I haven't thought through enough to understand the implications of the moneygrubbing AI grifters in senior management positions at Mozilla being in charge of my TLS trust store, but I'm not filled with joy at the idea.
WebPKI is a maze of fiefdoms controlled by a small group of power tripping little Napoleons.
Certificate trust really should be centralized at the OS level (like it used to be) and not every browser having its own, incompatible trusted roots. It's arrogance at its worst and it helps nobody.
When are you imagining this "used to be" true? This technology was invented about thirty years ago, by Netscape, which no longer exists but in effect continues as Mozilla. They don't write an operating system (then or now) so it's hard to see how this is "centralized at the OS level".
It was true for at least Chrome until around 2020: Chrome used to not ship with any trusted CA list and default to the OS for that.
Firefox has their own trusted list, but still supports administrator-installed OS CA certificates by default, as far as I know (but importantly not OS-provided ones).
Ah, so you're referring to Chrome, which shipped Chrome 1.0 at the tail end of 2008, and was in effect exercising normal root programme behaviour by the time I was on the scene in 2015 (but presumably also before).
So your presumptions (no, Chrome did not have their own root program in 2015 or before; they announced [1] it in 2020, as I wrote, and blocking individual CAs out of it on a case by case basis does not quite make a full root program) and unwillingness to spend one minute to fact check them are a lack of perspective on my side?
My point was that Chrome (arguably not an insignificant browser) did use the OS’s root CA lists for 12 years (or 7, if you really want to count individual CA bans as a program; arguably both not an insignificant time span).

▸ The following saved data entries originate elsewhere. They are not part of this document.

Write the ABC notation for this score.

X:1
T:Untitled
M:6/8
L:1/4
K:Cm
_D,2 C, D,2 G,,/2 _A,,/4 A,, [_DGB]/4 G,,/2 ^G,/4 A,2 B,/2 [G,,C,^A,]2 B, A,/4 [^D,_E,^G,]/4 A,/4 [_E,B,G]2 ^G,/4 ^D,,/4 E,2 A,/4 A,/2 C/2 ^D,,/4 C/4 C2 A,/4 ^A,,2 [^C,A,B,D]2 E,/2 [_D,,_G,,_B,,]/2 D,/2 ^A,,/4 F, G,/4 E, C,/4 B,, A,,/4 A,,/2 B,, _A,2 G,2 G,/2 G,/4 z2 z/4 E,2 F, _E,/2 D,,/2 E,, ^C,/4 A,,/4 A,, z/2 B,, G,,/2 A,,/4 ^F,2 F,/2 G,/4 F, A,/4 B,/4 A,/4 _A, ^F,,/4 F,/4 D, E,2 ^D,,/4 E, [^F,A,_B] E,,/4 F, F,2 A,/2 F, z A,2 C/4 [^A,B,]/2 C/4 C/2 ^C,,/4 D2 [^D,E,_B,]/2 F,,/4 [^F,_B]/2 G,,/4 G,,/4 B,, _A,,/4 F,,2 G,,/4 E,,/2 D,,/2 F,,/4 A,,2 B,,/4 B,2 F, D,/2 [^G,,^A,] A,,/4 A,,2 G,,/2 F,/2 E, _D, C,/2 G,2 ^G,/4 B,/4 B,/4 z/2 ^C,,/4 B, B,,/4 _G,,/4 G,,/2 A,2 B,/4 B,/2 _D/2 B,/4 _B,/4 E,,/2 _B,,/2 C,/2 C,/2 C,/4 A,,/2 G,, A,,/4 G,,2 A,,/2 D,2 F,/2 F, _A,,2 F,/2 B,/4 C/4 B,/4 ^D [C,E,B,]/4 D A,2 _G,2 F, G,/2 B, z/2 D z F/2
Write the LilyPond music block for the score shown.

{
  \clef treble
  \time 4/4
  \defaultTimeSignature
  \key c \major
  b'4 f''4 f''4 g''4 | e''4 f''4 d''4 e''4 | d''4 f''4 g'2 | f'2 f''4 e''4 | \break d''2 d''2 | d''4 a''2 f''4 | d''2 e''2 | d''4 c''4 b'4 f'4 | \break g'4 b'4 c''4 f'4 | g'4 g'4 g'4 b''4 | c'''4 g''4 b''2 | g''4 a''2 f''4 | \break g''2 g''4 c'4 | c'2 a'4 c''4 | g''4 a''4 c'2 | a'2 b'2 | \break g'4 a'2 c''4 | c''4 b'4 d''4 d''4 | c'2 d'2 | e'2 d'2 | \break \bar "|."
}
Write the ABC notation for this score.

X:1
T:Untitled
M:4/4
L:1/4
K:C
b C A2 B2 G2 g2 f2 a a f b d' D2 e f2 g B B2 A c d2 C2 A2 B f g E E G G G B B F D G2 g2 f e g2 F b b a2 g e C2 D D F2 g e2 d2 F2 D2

I think this is, at best, a lack of understanding of what's really going on, and at worst just obstinence.
As Ryan explains this was basically the same thing with new paint on it, it reminds me of the UK's "Supreme Court". Let me digress briefly to explain:
On paper historically the UK didn't have an independent final court of appeal, significant appeals of the law would end up at the Lords of Appeal in Ordinary ("Law Lords" for short) who were actual Lords, in principle unelected legislators from the UK's upper chamber. Hundreds of years ago they really were just lords, not really judges at all. The US in contrast notionally has an independent final court of appeal, completely independent from the rest of the US government, much better. Except in reality the Law Lords were completely independent, chosen among the country's judges by independent hiring process while the US Supreme Court are just appointed hacks for the President's party, not especially competent or effective jurists but loyal to party values.
So the fresh coat of paint gave the UK a "Supreme Court" in 2009 by designating a building and sending exactly the same factually independent jurists to go work in that building with their independent final court of appeal and stop requiring them to notionally be Lords (although in practice they are all still granted the title "Lord") who met in some committee room in the Palace of Westminster. The thin appearance changed to match the ideals the Americans never met, the reality was exactly the same as before.
And that's what Ryan is writing about in that post. In theory there was now a Chrome root programme, in practice there already was, in principle now you need a sign-off from Ryan's team in practice you already did. In theory now you're now discussing inclusion on m.d.s.policy because you want Chrome trust programme approval, in practice that's already a big part of why you're there.
When Chrome 1.0 shipped it was important to deliver compatibility to gain market share. Soon it didn't matter, they could and did choose to depart from that compatibility to distinguish Chrome as better than the alternatives.
7 years for one browser compared to 30 years for all browsers does I'm afraid seem a long way from "like it used to be" and much more "how I wrongly thought it should work".
Https certificate trust is basically the last thing I think about when I choose an os. (And for certain OSes I use, I actively don't trust its authors/owners)
The only thing that is genuinely weird is having four different certificate stores on a system, each with different trusted roots, because the cabals of man-children that control the WebPKI can't set aside their petty disagreements and reach consensus on anything.
Which makes sense, because that would require them all to relinquish some power to their little corner of the Internet, which they are all unwilling to do.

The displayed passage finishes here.